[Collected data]
■ ■ ■ ■

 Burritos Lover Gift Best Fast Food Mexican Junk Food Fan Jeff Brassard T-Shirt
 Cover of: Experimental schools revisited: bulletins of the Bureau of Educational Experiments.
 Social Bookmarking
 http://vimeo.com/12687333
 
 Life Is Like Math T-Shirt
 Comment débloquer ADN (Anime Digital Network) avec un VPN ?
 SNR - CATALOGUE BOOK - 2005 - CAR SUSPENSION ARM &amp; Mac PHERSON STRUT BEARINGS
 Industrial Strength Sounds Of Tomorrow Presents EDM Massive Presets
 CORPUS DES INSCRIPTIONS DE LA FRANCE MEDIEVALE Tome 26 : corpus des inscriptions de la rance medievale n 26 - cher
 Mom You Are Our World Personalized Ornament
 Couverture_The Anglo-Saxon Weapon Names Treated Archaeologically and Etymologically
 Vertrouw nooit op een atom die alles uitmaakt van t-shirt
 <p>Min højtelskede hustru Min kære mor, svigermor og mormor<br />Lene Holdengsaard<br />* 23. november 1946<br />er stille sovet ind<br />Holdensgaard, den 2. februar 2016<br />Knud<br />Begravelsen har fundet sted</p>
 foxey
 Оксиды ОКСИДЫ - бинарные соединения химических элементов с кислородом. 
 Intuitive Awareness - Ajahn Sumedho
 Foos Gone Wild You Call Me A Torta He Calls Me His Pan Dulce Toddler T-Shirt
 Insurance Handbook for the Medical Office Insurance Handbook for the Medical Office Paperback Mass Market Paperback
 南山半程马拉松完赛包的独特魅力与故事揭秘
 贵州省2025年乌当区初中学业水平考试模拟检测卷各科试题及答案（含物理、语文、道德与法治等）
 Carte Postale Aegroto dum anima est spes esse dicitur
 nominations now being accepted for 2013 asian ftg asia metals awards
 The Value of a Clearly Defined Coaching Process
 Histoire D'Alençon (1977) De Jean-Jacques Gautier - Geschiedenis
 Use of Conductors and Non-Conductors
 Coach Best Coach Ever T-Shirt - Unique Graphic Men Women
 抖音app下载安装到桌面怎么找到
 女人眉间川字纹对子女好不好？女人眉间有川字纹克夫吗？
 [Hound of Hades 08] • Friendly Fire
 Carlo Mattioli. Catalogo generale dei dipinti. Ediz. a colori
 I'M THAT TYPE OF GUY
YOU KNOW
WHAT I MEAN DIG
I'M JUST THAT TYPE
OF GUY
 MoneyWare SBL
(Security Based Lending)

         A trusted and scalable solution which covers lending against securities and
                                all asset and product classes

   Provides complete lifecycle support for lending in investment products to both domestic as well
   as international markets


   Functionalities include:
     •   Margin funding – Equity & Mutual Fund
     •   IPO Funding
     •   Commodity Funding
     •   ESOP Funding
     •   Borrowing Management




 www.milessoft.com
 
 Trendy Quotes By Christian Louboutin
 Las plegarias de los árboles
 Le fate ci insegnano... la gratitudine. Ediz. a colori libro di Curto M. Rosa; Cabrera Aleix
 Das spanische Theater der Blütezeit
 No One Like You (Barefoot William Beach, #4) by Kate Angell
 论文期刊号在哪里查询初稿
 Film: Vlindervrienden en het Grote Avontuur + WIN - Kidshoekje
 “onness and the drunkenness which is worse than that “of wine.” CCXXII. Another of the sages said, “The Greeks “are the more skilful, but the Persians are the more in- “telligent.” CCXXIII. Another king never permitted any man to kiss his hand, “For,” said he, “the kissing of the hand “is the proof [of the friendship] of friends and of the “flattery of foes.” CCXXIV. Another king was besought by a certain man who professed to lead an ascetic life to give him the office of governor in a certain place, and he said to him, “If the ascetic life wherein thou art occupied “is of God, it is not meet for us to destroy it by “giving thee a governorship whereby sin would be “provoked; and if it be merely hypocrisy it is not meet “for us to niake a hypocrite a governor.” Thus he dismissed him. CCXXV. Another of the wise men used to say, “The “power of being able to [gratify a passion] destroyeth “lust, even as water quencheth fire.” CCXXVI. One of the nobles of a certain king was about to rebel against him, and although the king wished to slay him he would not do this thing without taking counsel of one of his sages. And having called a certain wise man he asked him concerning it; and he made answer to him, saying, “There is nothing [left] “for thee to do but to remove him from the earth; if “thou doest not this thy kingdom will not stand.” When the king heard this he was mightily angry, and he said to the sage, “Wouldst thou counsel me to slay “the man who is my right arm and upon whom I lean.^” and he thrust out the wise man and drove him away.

■ ■ ■ ■

EXERCISE DETAILS:
Once you have read the data, reproduce all of it exactly.

YOUR RESPONSE:
 Burritos Lover Gift Best Fast Food Mexican Junk Food Fan Jeff Brassard T-Shirt
 Cover of: Experimental schools revisited: bulletins of the Bureau of Educational Experiments.
 Social Bookmarking
 http://vimeo.com/12687333
 
 Life Is Like Math T-Shirt
 Comment débloquer ADN (Anime Digital Network) avec un VPN ?
 SNR - CATALOGUE BOOK - 2005 - CAR SUSPENSION ARM &amp; Mac PHERSON STRUT BEARINGS
 Industrial Strength Sounds Of Tomorrow Presents EDM Massive Presets
 CORPUS DES INSCRIPTIONS DE LA FRANCE MEDIEVALE Tome 26 : corpus des inscriptions de la rance medievale n 26 - cher
 Mom You Are Our World Personalized Ornament
 Couverture_The Anglo-Saxon Weapon Names Treated Archaeologically and Etymologically
 Vertrouw nooit op een atom die alles uitmaakt van t-shirt
 <p>Min højtelskede hustru Min kære mor, svigermor og mormor<br />Lene Holdengsaard<br />* 23. november 1946<br />er stille sovet ind<br />Holdensgaard, den 2. februar 2016<br />Knud<br />Begravelsen har fundet sted</p>
 foxey
 Оксиды ОКСИДЫ - бинарные соединения химических элементов с кислородом. 
 Intuitive Awareness - Ajahn Sumedho
 Foos Gone Wild You Call Me A Torta He Calls Me His Pan Dulce Toddler T-Shirt
 Insurance Handbook for the Medical Office Insurance Handbook for the Medical Office Paperback Mass Market Paperback
 南山半程马拉松完赛包的独特魅力与故事揭秘
 贵州省2025年乌当区初中学业水平考试模拟检测卷各科试题及答案（含物理、语文、道德与法治等）
 Carte Postale Aegroto dum anima est spes esse dicitur
 nominations now being accepted for 2013 asian ftg asia metals awards
 The Value of a Clearly Defined Coaching Process
 Histoire D'Alençon (1977) De Jean-Jacques Gautier - Geschiedenis
 Use of Conductors and Non-Conductors
 Coach Best Coach Ever T-Shirt - Unique Graphic Men Women
 抖音app下载安装到桌面怎么找到
 女人眉间川字纹对子女好不好？女人眉间有川字纹克夫吗？
 [Hound of Hades 08] • Friendly Fire
 Carlo Mattioli. Catalogo generale dei dipinti. Ediz. a colori
 I'M THAT TYPE OF GUY
YOU KNOW
WHAT I MEAN DIG
I'M JUST THAT TYPE
OF GUY
 MoneyWare SBL
(Security Based Lending)

         A trusted and scalable solution which covers lending against securities and
                                all asset and product classes

   Provides complete lifecycle support for lending in investment products to both domestic as well
   as international markets


   Functionalities include:
     •   Margin funding – Equity & Mutual Fund
     •   IPO Funding
     •   Commodity Funding
     •   ESOP Funding
     •   Borrowing Management




 www.milessoft.com
 
 Trendy Quotes By Christian Louboutin
 Las plegarias de los árboles
 Le fate ci insegnano... la gratitudine. Ediz. a colori libro di Curto M. Rosa; Cabrera Aleix
 Das spanische Theater der Blütezeit
 No One Like You (Barefoot William Beach, #4) by Kate Angell
 论文期刊号在哪里查询初稿
 Film: Vlindervrienden en het Grote Avontuur + WIN - Kidshoekje
 “onness and the drunkenness which is worse than that “of wine.” CCXXII. Another of the sages said, “The Greeks “are the more skilful, but the Persians are the more in- “telligent.” CCXXIII. Another king never permitted any man to kiss his hand, “For,” said he, “the kissing of the hand “is the proof [of the friendship] of friends and of the “flattery of foes.” CCXXIV. Another king was besought by a certain man who professed to lead an ascetic life to give him the office of governor in a certain place, and he said to him, “If the ascetic life wherein thou art occupied “is of God, it is not meet for us to destroy it by “giving thee a governorship whereby sin would be “provoked; and if it be merely hypocrisy it is not meet “for us to niake a hypocrite a governor.” Thus he dismissed him. CCXXV. Another of the wise men used to say, “The “power of being able to [gratify a passion] destroyeth “lust, even as water quencheth fire.” CCXXVI. One of the nobles of a certain king was about to rebel against him, and although the king wished to slay him he would not do this thing without taking counsel of one of his sages. And having called a certain wise man he asked him concerning it; and he made answer to him, saying, “There is nothing [left] “for thee to do but to remove him from the earth; if “thou doest not this thy kingdom will not stand.” When the king heard this he was mightily angry, and he said to the sage, “Wouldst thou counsel me to slay “the man who is my right arm and upon whom I lean.^” and he thrust out the wise man and drove him away.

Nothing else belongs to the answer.